Yukon Flats, 13,000 mi2 (33,700 km2)
Land-surface form.--This province is mostly a flat plain consisting of marshy lake-dotted flats rising from 300 ft (90 m) in altitude in the west to 600-900 ft (180-270 m) in the north and east. The province is made up of outwash fans and floodplains of the Chandalar, Christian, Sheenjek, and Upper Yukon Rivers. Rolling silt- and gravel-covered marginal terraces with sharp escarpments 150-600 ft (50-180 m) high rise above the flats, sloping gradually upward to altitudes of about 1,500 ft (460 m) at the base of surrounding uplands and mountains.

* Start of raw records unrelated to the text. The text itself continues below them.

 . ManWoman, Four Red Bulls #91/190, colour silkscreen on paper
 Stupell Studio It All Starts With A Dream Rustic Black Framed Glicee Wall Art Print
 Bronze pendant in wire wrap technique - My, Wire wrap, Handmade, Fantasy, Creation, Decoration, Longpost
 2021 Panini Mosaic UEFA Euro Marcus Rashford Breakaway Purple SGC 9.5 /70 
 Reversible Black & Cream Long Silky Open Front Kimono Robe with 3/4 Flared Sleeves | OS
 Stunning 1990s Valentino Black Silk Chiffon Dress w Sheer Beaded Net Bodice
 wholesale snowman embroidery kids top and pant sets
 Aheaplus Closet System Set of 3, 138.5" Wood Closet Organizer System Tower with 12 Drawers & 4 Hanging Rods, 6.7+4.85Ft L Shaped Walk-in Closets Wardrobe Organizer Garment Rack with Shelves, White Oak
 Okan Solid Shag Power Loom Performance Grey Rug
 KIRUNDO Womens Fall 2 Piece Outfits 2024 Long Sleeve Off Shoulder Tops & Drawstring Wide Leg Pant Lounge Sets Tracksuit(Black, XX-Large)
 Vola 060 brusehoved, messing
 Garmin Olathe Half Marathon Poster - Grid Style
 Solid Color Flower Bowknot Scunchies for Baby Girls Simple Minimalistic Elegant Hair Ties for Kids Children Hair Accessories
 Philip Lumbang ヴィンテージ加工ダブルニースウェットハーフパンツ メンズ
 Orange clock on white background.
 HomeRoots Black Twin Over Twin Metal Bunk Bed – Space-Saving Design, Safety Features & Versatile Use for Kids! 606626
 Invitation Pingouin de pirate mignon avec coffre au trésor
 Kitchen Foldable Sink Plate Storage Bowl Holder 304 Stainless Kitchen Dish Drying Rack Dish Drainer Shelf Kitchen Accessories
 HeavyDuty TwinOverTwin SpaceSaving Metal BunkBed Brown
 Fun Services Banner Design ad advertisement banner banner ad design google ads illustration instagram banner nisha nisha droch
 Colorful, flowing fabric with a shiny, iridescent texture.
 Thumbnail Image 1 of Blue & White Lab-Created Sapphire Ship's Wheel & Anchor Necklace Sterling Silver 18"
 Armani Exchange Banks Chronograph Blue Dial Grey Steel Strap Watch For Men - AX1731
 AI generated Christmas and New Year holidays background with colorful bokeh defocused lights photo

Climate.--The climate is the extreme continental boreal type, with its large annual temperature range, severely cold winters, and short, hot summers. The average daily minimum temperature of the coldest month is -29F (-33C). At Fort Yukon, more than 130 days per year have a minimum temperature of 0F (-18C) or below. The record low at Fort Yukon is -78F (-61C), and the record high is 100F (38C). The growing season is less than 3 months. The region is semiarid, with an average annual precipitation of about 7 in (179 mm), with a summer maximum. Snowfall averages 45 in (1,150 mm) per year.
Vegetation.--Bottom land spruce-aspen-birch grow on the better drained alluvial sites. Alder and willow form thickets on newly exposed alluvial sites subject to periodic flooding. The wettest sites have black spruce, willow, or graminoid marsh cover.
Soils.--Principal soils are wet Inceptisols, mostly in flats and low areas. Lower parts of the floodplains are poorly drained and covered with peat, whereas river terraces are better drained.
Fauna.--The fauna of the Yukon Flats Province are similar to those in other tayga regions. But this province provides what may be the most productive arctic habitat for avian wildlife on the continent. Predominant waterfowl species that breed in the region include the lesser scaup, pintail, scoter, and wigeon. The area supports 15-20 percent of remaining canvasbacks. Arctic, red-throated, and common loons, horned and red-necked grebes, and sandhill cranes are also common. Cliffs along the Yukon and Porcupine Rivers support several raptor species, including osprey, gyrfalcon, Swainson's hawk, and the endangered American peregrine falcon.